> Data supplied
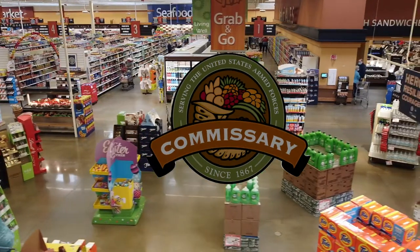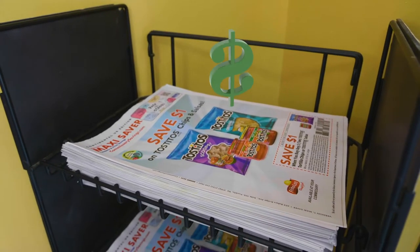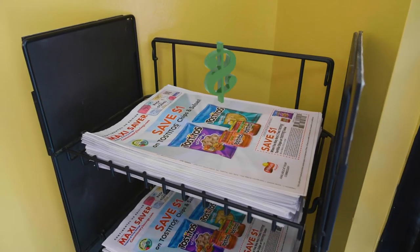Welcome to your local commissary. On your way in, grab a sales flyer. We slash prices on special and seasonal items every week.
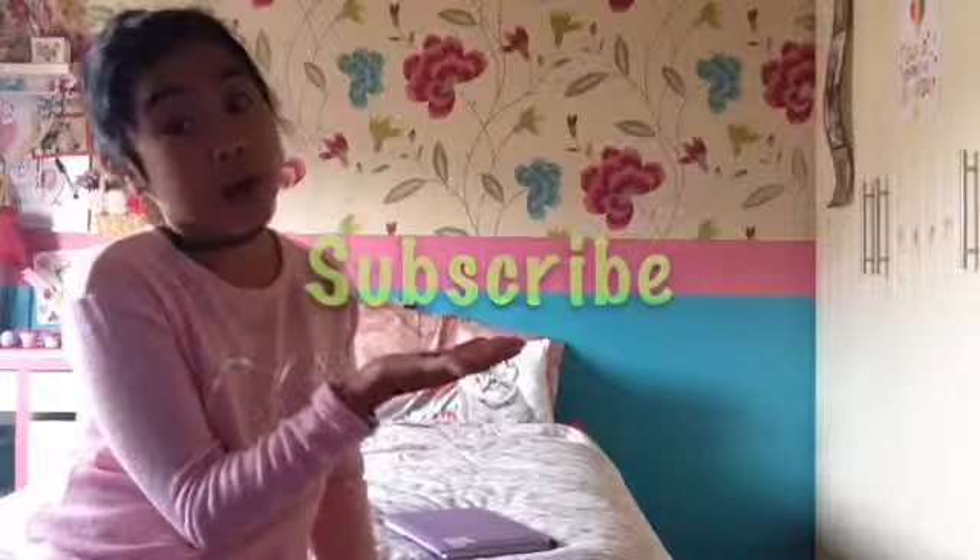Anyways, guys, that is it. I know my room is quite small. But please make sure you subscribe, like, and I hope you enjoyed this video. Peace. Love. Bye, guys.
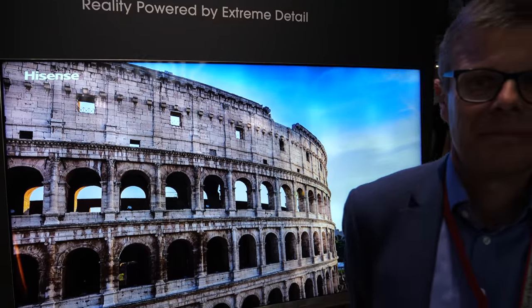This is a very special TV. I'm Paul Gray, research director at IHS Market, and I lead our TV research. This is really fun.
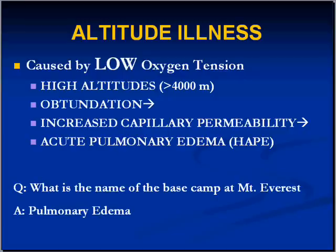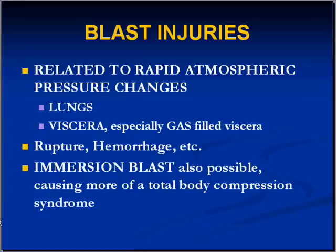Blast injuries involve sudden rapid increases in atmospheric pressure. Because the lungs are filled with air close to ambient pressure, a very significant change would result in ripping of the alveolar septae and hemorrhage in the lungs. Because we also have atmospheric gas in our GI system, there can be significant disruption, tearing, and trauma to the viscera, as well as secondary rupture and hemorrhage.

--

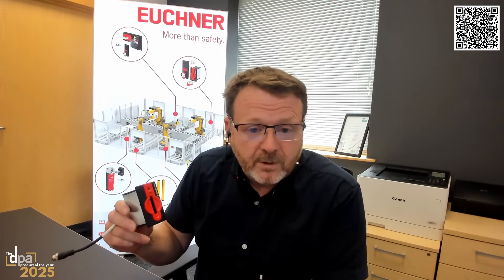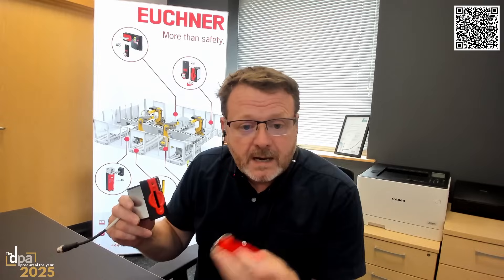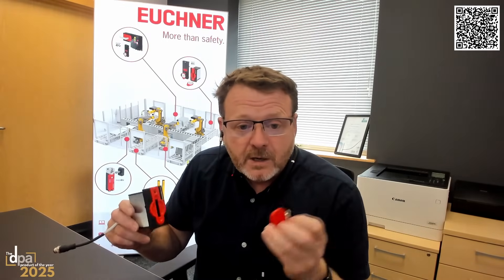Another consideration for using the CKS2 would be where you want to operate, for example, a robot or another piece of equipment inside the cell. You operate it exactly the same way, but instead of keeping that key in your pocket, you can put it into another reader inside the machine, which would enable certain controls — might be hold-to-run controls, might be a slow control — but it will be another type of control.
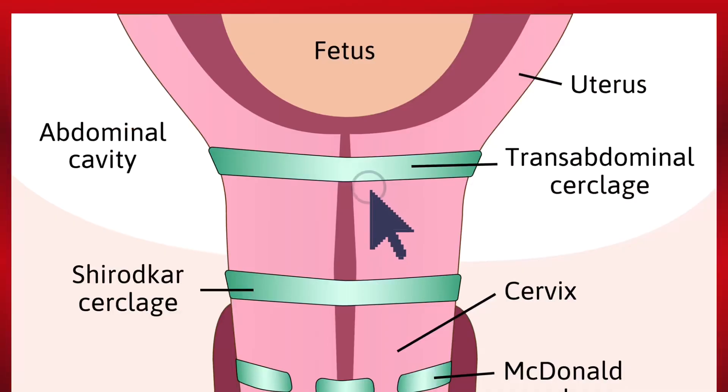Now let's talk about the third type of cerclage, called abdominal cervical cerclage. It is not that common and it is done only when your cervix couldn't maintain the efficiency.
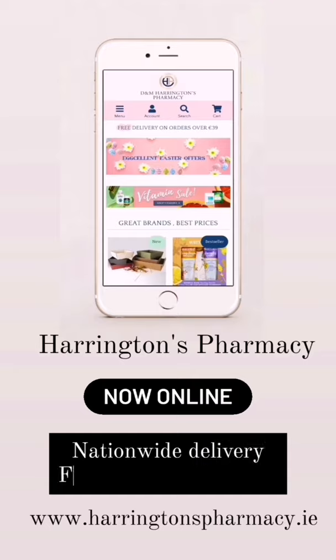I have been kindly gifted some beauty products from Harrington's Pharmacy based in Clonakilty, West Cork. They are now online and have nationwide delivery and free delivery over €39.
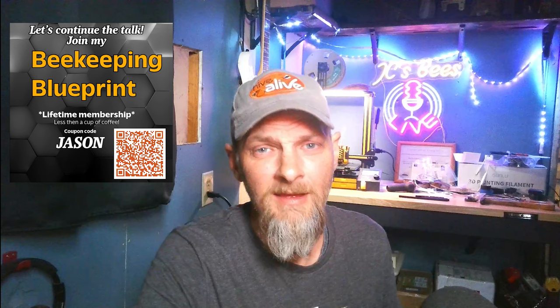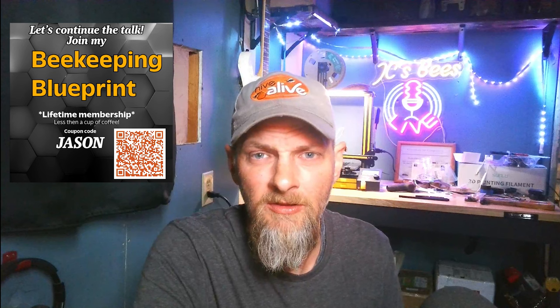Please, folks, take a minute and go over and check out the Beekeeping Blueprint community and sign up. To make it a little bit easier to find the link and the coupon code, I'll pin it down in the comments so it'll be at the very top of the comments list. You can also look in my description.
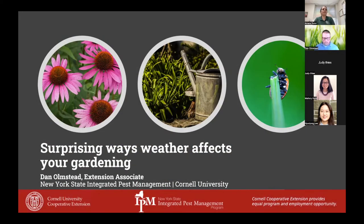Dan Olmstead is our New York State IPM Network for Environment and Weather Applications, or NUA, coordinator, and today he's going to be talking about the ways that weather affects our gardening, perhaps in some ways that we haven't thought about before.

> Your goal
Copy only what lies between the line with "Welcome to your" and the line with "This is a very", those two lines included, exactly as given above; pictures stay out.

> Solution below
Welcome to your local commissary. On your way in, grab a sales flyer. We slash prices on special and seasonal items every week.
Anyways, guys, that is it. I know my room is quite small. But please make sure you subscribe, like, and I hope you enjoyed this video. Peace. Love. Bye, guys.
This is a very special TV. I'm Paul Gray, research director at IHS Market, and I lead our TV research. This is really fun.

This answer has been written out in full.